Expectations and grading

You need to decide what you want portfolios to be. Since I use them for 100% of my student's grades, I want them to be a robust story of their growth, and since I grade for growth, I want the portfolio to tell a growth story. This means I like having many artifacts related to each skill I assess, and that the reflective writing is going to tell a story about how a student got from early artifacts to the latest.

If you don't use skills-based grading, and I can't imagine you do because I can't find anyone who does, but maybe you use something like standards-based grading, that story of growth for each standard might be a bit overwhelming. You might just want to see their best work for each standard. If you use traditional grading systems, then arranging a portfolio by topic and telling a story of growth and experience can be robust.
 
I like to let students grade themselves before I do. It helps to have evaluation tools and expectations that are owned and understood by all parties. I make a point to grade for growth, replacing old grades with the latest. I have them turn in their portfolios and use rubrics on Google Classroom to grade them and give feedback.

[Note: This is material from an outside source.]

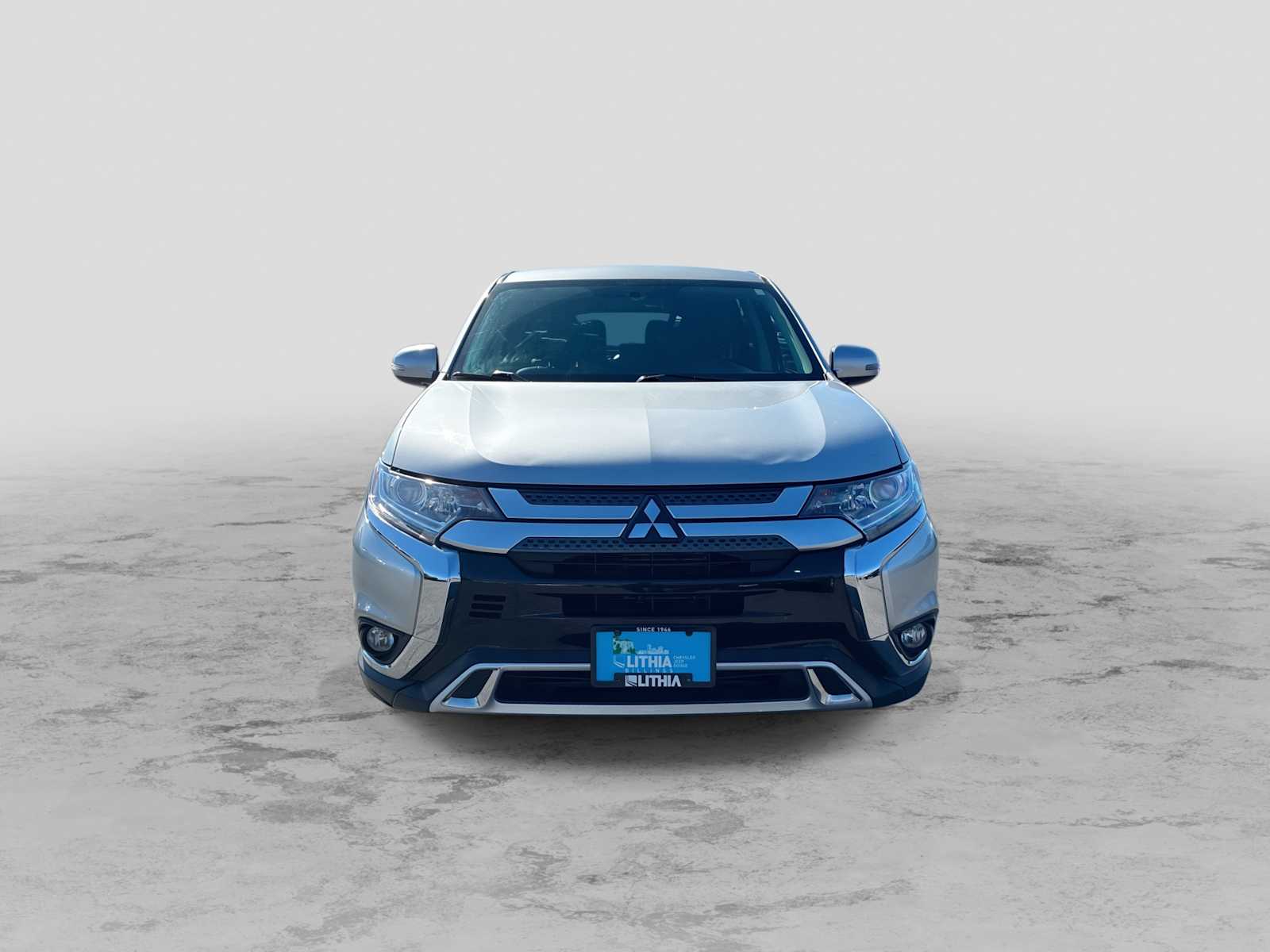 Thumbnail: 2019 Mitsubishi Outlander - 3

You need to decide how often you want to grade and how much at a time. I found that requiring students completely updating all or most of a portfolio for all of the 25 skills we used last year was quite overwhelming. Collecting and grading sections of the portfolios at a time worked better. After they had something for each skill, updating them was not as intimidating, so they could handle multiple sections at  a time.

My advice

If you are considering portfolios I would recommend going all in and making them as much of the student overall grade as you are allowed. As previously mentioned, you can still do all of the stuff you might normally, like scored assignments, assessments, labs, etc, but just don't give students actual grades for those. Score them and let the score be feedback they can use as they discuss their growth and achievement in their portfolio.

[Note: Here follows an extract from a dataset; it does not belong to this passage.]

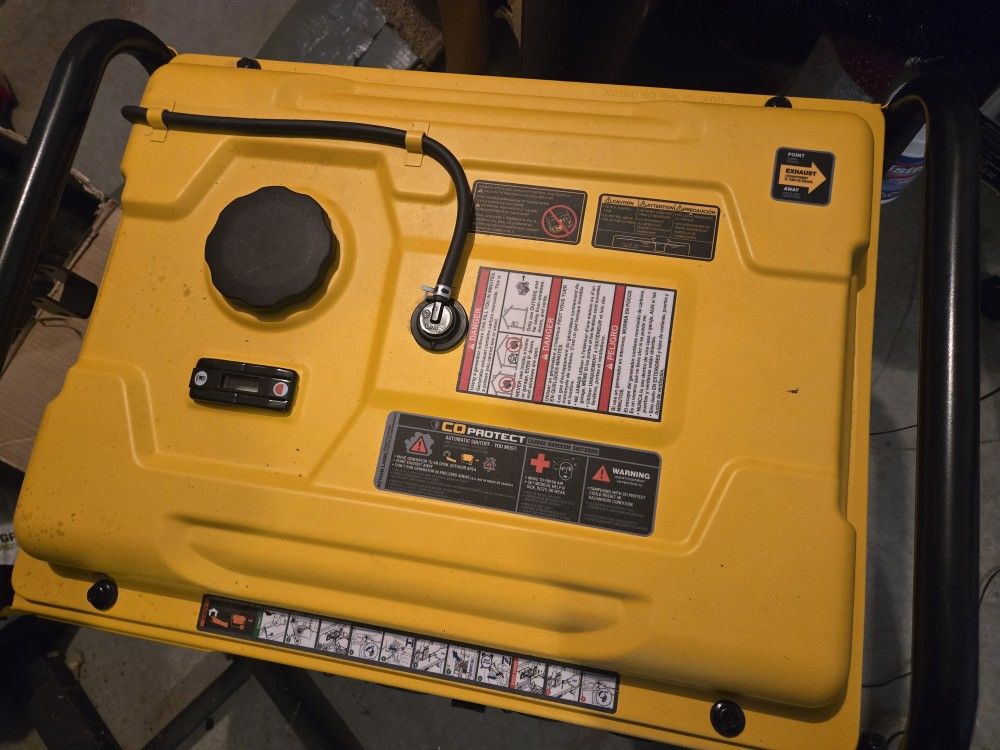 Dewlt Generwtor 6500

I make a policy not to give students any grades until they have fully reflected and self evaluated. If I have done my job well they should have plenty of feedback from me to help them do that. Portfolios work great with this policy.

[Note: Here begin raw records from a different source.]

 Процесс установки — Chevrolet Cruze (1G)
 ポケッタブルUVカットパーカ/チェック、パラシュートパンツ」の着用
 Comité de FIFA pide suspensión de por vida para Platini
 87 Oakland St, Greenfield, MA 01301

What did not work so well for us in the past was making portfolios one of many grades in the grade book. They were not taken seriously enough by most students, and I never saw the reflective writing I was hoping for from most students. They didn't have the regular practice with it. The portfolios simply became a summary piece that was one of many huge overwhelming projects they had at the end of term in their classes.

Having portfolios as the main avenue for earning a grade might seem like a huge change, but when you don't really change much else of what you do in class then it's not that big of a deal. I was pleasantly surprised by how well it worked, and I got so much meaningful mature feedback about how much students valued thinking about their growth over such a long term. I anticipate I'll work with this system for a long time.